* [TASK STATEMENT] Every line of the material is to be transcribed verbatim, with images omitted.

RAW DATA below:

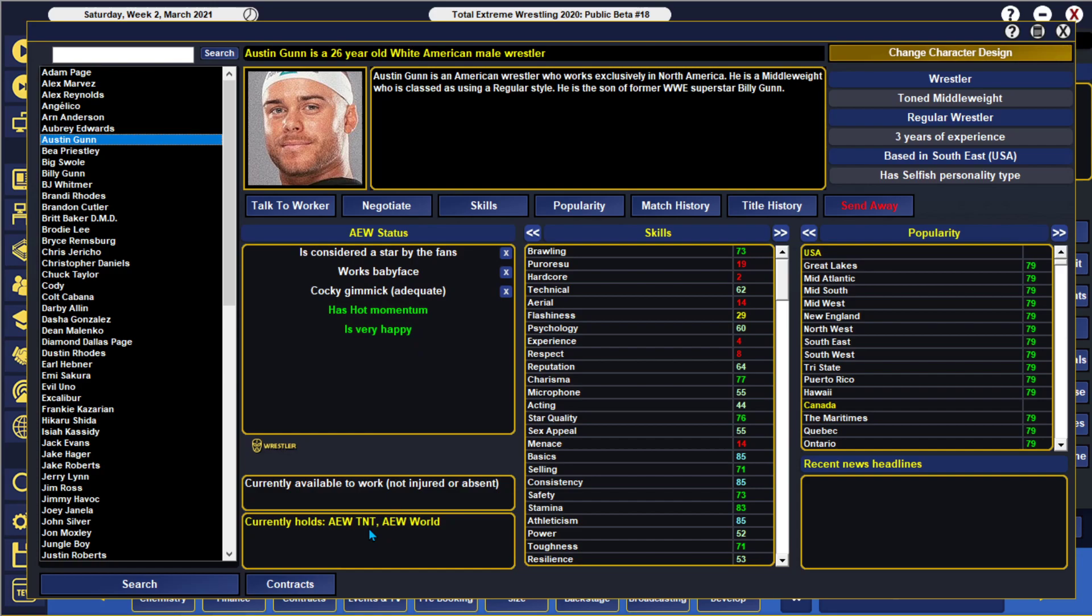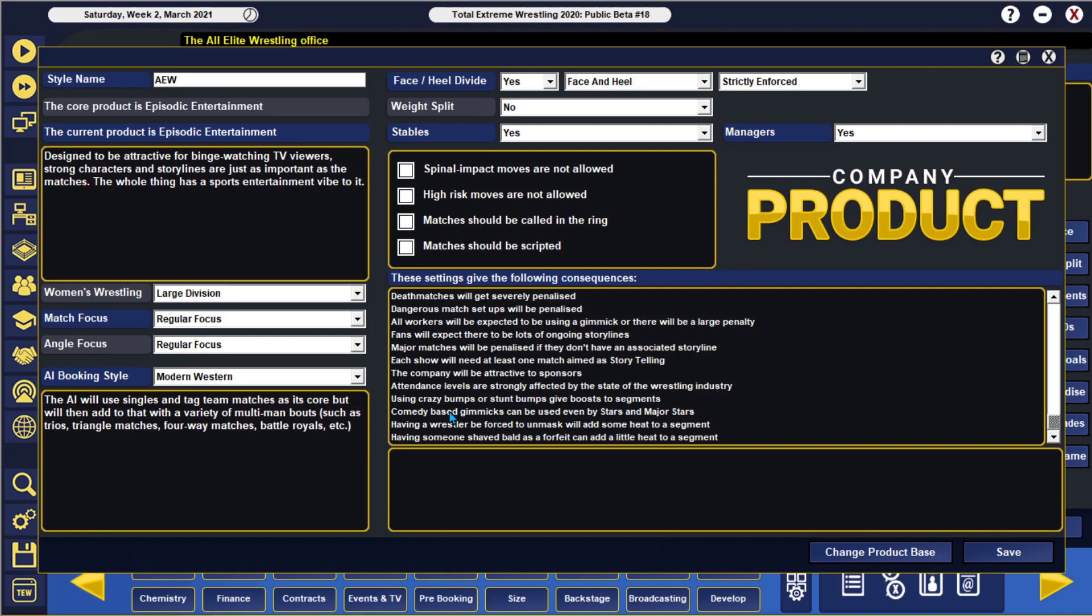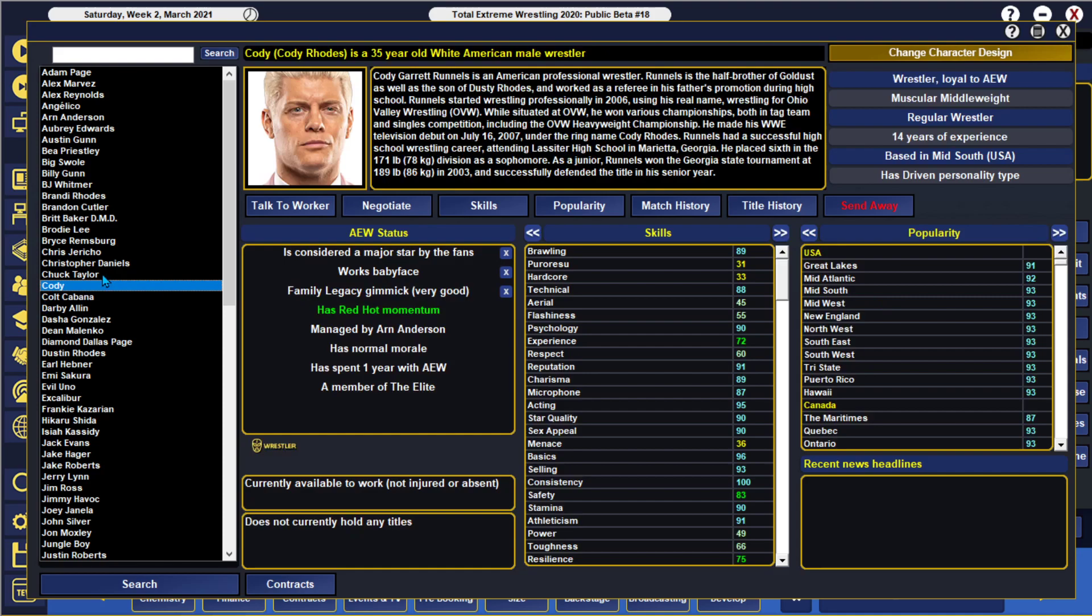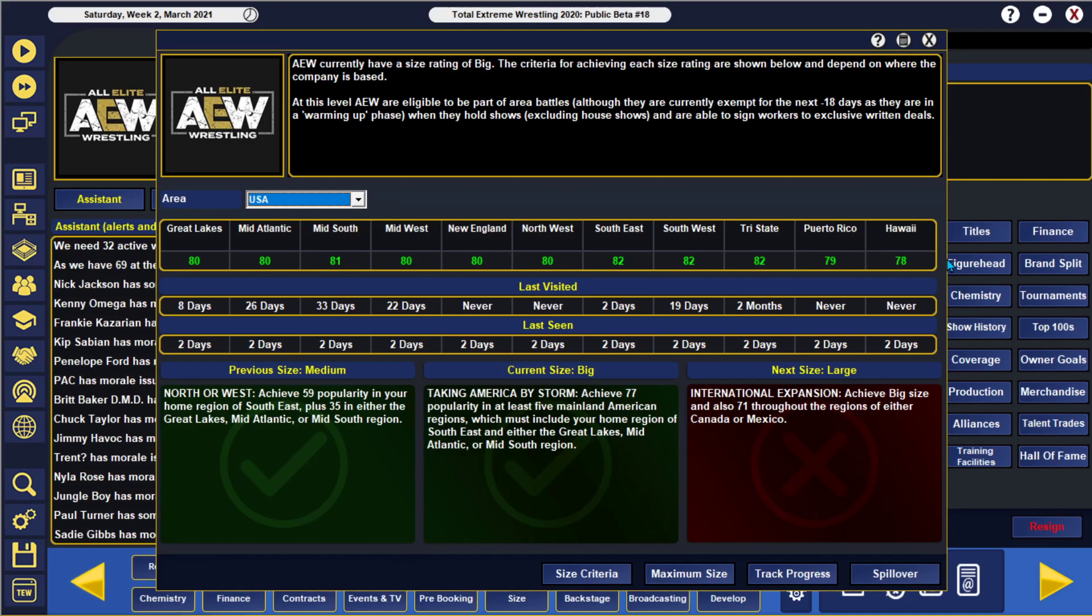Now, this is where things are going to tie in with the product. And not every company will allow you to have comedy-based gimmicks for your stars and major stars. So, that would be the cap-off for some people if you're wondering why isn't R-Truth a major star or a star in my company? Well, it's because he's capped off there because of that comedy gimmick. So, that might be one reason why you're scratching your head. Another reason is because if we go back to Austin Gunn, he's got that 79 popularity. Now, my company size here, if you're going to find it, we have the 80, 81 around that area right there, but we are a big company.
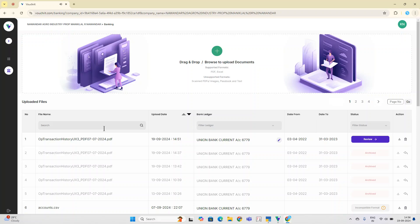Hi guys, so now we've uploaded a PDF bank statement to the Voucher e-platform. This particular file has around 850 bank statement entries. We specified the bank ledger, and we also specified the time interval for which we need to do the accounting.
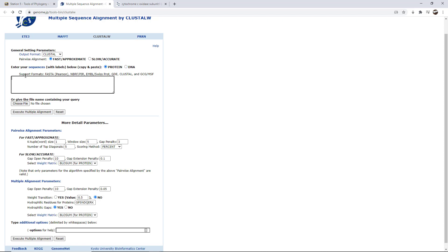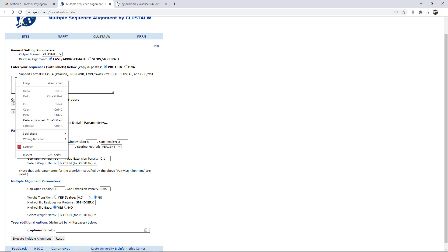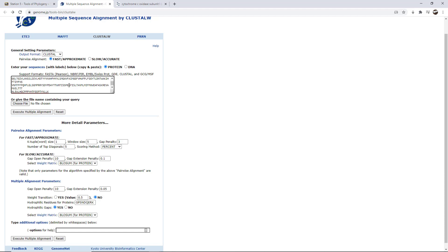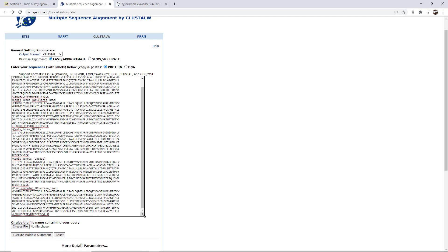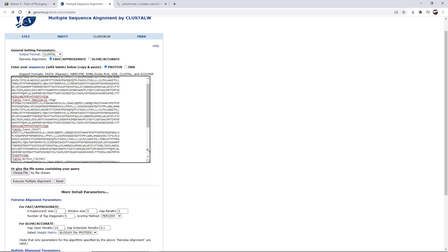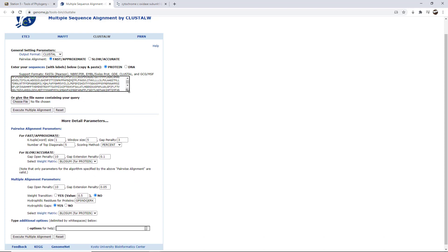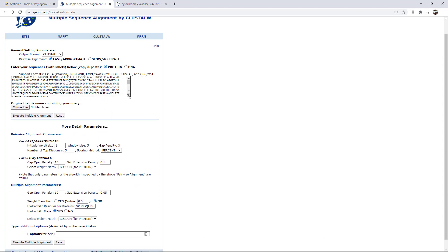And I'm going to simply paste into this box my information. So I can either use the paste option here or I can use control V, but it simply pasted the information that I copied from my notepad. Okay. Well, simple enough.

End of RAW DATA.

* [RESPONSE]
Now, this is where things are going to tie in with the product. And not every company will allow you to have comedy-based gimmicks for your stars and major stars. So, that would be the cap-off for some people if you're wondering why isn't R-Truth a major star or a star in my company? Well, it's because he's capped off there because of that comedy gimmick. So, that might be one reason why you're scratching your head. Another reason is because if we go back to Austin Gunn, he's got that 79 popularity. Now, my company size here, if you're going to find it, we have the 80, 81 around that area right there, but we are a big company.
Hi guys, so now we've uploaded a PDF bank statement to the Voucher e-platform. This particular file has around 850 bank statement entries. We specified the bank ledger, and we also specified the time interval for which we need to do the accounting.
And I'm going to simply paste into this box my information. So I can either use the paste option here or I can use control V, but it simply pasted the information that I copied from my notepad. Okay. Well, simple enough.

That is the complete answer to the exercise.